Macmillan's sudden illness and announcement of his resignation in October 1963 came at a time when Maudling's support had fallen. He was also poorly received at the Conservative Party conference, which had become a hustings for the leadership, despite coaching from Iain Macleod, in how to deliver his speech. Back in London the following week, a process of "consultation" by Lord Chancellor Dilhorne and by Redmayne declared Foreign Secretary Lord Home, rather than Maudling or Butler, to be the compromise candidate. Enoch Powell, Macleod, Hailsham and Maudling (known as "the Quad" in some accounts of the following days) sought to persuade Butler to refuse to serve under Home, so that Butler rather than Home would have to become Prime Minister. Macleod and Maudling demanded that Dilhorne lay the results of his consultations before the Cabinet but he refused. Maudling attended the meeting at Powell's house late in the evening of 17 October, "well-refreshed" after attending a formal dinner and seems to have "gone along with it" rather than being a ringleader, although he and Hailsham agreed to serve under Butler. On the morning of Saturday 19 October Butler then Maudling agreed to serve under Home, enabling him to accept office as Prime Minister.
Maudling retained his post as Chancellor under the new Prime Minister and in the 1964 election, Maudling had a prominent role at the helm of the party's daily press conferences, while Douglas-Home toured the country. On the BBC's election results programme, the journalist Anthony Howard said that he believed that if Maudling had been leader, the narrow Conservative defeat would have been a narrow Conservative victory. Upon being forced out of the post by the election defeat, Maudling left a note to his successor, James Callaghan, simply stating "Good luck, old cock.... Sorry to leave it in such a mess".

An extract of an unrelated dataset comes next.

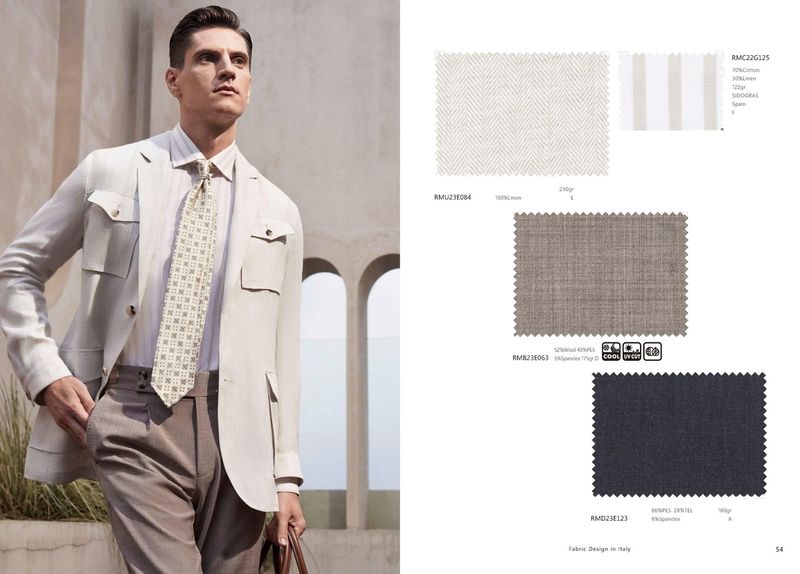 Chaqueta Campo Estilo Sahara – Elegancia Ligera para el Verano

Second unsuccessful leadership bid
Out of office, Maudling accepted the offer of a seat on the board of Kleinwort Benson in November 1964, one of the factors which led to his being shifted to spokesman on Foreign Affairs in early 1965. Unlike other potential leadership contenders, Maudling publicly maintained his loyalty to Douglas-Home as criticisms of his leadership mounted. When Douglas-Home resigned, after putting in place a system in which the leadership was directly elected, Maudling fought against Edward Heath for the position of candidate to the party centre-right.
Unfortunately for Maudling, Enoch Powell also stood, but he was a candidate supporting monetarist and proto-Thatcherite economics, which at that time had little support. Powell won 15 votes. Maudling won 133 votes against Heath's 150; Powell's 15 votes were seen as more likely to have gone to Maudling had Powell not stood, but they would have made no difference to Heath's narrow majority. This was a moment of philosophical instability for the Conservatives. Their historic scepticism of Keynesianism began to grow through the 1960s because there was little to distinguish between the policies of the Conservatives and Labour. The cross-party support for economic planning and union negotiation was becoming increasingly unable to stimulate high levels of economic growth.

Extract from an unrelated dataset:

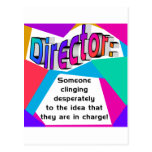 ¿Director responsable? Postales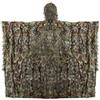 Tsawntd Ghillie Suit Mantello Termico Mimetico, Tuta a Foglia 3D per la Caccia al Tacchino Abiti da Caccia Leggeri per il Tiro Osservare la Fauna Selvatica all'Aperto Uso Quotidiano a Foglia per Vestiti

Maudling's business directorships with Kleinwort Benson and others were mentioned by his opponents as evidence of his lack of commitment for the role, and he was criticised as too close to the Macmillan/Douglas-Home style of politics.
Deputy Leader and Home Secretary
Maudling served as Deputy Leader under Heath, and was also a prominent member of the Shadow Cabinet. However, he was neither personally nor politically close to Heath, and as a consequence his influence declined; his support for an incomes policy now went against party policy. He also tended to make gaffes, as for example when he said Harold Wilson had been following the same policy as the Conservatives on Rhodesia and "I can't think of anything he has done wrongly". After Enoch Powell had been sacked from the Shadow Cabinet in 1968 for his controversial Rivers of Blood speech, Maudling was moved from the position of Shadow Commonwealth Secretary to become Shadow Defence Secretary until 1969 when he was replaced by Geoffrey Rippon. When the Conservatives returned to power in 1970, Maudling was appointed Home Secretary; the most pressing problem at the Home Office was tackling the Troubles in Northern Ireland. After boarding the aircraft at the end of his first visit to the region, he remarked "For God's sake bring me a large Scotch. What a bloody awful country." When Iain Macleod, who had been appointed as Chancellor in the new Conservative Government, died after barely a month in office, it was reported in The Glasgow Herald that Maudling "was being consistently tipped" at Westminster to move from the Home Office back to his old post. Ultimately the post went to Anthony Barber.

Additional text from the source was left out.